▸ TRY IT
Exactly how many lines in the listing contain "Runner"? Respond with the number and nothing more.

▸ RECORDS FOR PROCESSING
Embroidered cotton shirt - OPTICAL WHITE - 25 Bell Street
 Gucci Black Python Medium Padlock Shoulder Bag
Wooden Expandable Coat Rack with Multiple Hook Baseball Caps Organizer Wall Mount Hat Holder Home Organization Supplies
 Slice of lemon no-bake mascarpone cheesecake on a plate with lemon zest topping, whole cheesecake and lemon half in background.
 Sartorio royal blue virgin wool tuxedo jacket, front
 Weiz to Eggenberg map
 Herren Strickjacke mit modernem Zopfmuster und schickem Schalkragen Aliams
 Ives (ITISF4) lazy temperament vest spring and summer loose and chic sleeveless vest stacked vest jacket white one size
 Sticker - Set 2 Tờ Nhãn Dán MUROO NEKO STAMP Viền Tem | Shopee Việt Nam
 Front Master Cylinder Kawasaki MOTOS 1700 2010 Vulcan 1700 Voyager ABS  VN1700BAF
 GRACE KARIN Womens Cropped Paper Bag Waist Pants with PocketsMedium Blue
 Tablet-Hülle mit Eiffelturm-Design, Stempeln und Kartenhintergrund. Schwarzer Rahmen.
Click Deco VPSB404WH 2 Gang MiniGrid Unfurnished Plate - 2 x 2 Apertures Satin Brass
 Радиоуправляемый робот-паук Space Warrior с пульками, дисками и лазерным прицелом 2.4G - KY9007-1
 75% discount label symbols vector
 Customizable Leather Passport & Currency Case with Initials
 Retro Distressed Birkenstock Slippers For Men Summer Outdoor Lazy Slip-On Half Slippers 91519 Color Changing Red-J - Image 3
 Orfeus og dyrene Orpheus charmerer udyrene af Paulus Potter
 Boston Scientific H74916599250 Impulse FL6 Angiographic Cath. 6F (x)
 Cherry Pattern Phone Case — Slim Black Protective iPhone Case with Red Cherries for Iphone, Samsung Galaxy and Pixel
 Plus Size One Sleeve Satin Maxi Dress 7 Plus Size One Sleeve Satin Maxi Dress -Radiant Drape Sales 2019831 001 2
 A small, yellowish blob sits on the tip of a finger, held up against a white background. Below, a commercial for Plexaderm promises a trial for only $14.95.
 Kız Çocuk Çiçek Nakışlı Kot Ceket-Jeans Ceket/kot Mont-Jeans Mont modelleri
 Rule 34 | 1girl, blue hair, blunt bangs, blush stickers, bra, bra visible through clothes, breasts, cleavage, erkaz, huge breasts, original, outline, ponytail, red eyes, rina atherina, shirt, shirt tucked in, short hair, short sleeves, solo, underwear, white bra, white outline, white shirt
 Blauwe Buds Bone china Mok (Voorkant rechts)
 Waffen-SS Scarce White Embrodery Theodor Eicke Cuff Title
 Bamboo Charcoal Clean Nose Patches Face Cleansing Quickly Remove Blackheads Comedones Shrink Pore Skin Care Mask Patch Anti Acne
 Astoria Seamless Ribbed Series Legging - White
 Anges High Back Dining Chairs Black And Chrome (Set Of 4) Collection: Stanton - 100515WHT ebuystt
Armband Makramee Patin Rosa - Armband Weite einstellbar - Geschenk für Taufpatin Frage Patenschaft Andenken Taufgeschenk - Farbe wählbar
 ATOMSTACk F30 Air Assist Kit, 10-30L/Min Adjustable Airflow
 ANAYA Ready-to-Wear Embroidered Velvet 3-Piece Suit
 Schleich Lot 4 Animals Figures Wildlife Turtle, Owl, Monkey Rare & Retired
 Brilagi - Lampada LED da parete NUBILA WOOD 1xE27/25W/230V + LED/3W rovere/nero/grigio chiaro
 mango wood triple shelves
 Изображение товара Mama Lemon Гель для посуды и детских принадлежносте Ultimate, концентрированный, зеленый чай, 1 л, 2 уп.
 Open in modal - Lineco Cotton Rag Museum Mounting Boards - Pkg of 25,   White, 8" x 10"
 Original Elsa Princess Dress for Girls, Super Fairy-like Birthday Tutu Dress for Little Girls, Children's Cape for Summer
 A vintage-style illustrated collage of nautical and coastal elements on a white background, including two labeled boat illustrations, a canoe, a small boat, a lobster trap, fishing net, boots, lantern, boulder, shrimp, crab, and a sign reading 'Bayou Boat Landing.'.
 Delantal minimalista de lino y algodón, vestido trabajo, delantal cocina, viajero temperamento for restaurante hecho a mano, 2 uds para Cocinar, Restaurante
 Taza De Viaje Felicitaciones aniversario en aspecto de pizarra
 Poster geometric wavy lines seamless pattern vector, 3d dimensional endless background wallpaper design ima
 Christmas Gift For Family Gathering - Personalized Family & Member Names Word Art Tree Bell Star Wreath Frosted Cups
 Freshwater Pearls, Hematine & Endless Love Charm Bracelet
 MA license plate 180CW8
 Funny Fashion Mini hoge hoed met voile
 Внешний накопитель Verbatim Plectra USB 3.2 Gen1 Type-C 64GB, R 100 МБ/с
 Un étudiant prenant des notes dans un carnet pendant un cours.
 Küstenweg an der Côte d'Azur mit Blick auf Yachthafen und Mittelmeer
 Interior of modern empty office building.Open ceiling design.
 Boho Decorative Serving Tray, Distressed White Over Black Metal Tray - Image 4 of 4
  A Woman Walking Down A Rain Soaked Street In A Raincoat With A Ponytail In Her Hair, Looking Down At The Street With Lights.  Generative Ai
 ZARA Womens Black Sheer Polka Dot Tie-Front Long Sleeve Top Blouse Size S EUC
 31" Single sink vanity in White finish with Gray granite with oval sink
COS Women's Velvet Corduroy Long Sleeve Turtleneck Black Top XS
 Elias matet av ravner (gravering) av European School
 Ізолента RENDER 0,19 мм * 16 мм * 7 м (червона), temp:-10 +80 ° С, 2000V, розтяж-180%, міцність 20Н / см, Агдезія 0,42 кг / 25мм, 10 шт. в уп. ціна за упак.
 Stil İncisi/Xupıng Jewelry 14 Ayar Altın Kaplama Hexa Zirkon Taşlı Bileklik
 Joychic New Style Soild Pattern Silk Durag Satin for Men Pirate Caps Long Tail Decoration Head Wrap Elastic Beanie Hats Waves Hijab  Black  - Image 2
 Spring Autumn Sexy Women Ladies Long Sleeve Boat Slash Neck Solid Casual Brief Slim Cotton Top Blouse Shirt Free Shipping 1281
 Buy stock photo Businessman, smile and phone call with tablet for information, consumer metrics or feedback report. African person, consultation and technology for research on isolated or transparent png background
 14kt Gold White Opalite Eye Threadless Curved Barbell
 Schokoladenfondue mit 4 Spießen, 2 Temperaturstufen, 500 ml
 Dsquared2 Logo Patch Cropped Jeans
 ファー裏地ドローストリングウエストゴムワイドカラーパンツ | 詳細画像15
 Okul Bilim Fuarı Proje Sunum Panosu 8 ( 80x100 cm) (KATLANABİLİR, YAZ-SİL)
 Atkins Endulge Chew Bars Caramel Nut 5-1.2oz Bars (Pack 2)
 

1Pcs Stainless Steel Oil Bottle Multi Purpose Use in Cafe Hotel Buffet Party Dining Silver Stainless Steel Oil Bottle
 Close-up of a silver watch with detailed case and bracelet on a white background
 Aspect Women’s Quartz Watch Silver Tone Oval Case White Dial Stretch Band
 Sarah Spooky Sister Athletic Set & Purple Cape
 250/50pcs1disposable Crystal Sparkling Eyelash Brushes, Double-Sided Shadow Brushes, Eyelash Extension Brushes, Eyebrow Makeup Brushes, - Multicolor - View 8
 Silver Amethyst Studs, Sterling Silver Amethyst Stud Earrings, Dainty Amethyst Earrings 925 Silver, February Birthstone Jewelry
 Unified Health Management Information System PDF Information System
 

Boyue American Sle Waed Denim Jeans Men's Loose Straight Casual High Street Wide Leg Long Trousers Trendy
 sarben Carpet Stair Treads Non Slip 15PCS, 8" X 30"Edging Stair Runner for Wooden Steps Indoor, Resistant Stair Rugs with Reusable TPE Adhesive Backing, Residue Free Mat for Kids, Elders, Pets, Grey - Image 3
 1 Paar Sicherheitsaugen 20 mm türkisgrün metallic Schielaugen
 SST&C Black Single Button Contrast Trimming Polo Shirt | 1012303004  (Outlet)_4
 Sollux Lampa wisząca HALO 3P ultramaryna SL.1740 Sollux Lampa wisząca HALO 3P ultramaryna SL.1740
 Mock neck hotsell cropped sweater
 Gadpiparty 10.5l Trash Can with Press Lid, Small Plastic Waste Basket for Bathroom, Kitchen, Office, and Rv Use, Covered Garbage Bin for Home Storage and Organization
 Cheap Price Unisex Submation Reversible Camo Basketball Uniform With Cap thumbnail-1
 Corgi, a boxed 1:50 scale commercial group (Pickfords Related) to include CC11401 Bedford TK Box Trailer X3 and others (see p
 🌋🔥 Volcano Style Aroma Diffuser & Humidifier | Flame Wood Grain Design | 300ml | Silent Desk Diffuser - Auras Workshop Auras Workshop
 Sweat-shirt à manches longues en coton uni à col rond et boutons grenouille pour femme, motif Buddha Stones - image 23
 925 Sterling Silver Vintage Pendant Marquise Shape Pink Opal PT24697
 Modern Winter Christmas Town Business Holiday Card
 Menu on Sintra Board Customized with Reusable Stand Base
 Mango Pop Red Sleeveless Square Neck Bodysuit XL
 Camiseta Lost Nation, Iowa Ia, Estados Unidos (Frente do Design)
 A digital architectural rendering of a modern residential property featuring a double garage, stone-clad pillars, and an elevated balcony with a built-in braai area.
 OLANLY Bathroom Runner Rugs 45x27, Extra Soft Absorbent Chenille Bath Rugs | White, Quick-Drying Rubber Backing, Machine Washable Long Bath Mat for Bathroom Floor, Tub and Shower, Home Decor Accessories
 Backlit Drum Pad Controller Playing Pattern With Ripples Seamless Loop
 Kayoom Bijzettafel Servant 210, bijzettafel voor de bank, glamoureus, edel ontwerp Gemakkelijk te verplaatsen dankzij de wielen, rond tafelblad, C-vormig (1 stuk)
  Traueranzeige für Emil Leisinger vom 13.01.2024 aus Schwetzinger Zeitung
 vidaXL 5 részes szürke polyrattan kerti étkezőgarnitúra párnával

▸ RESPONSE TO THE EXERCISE
2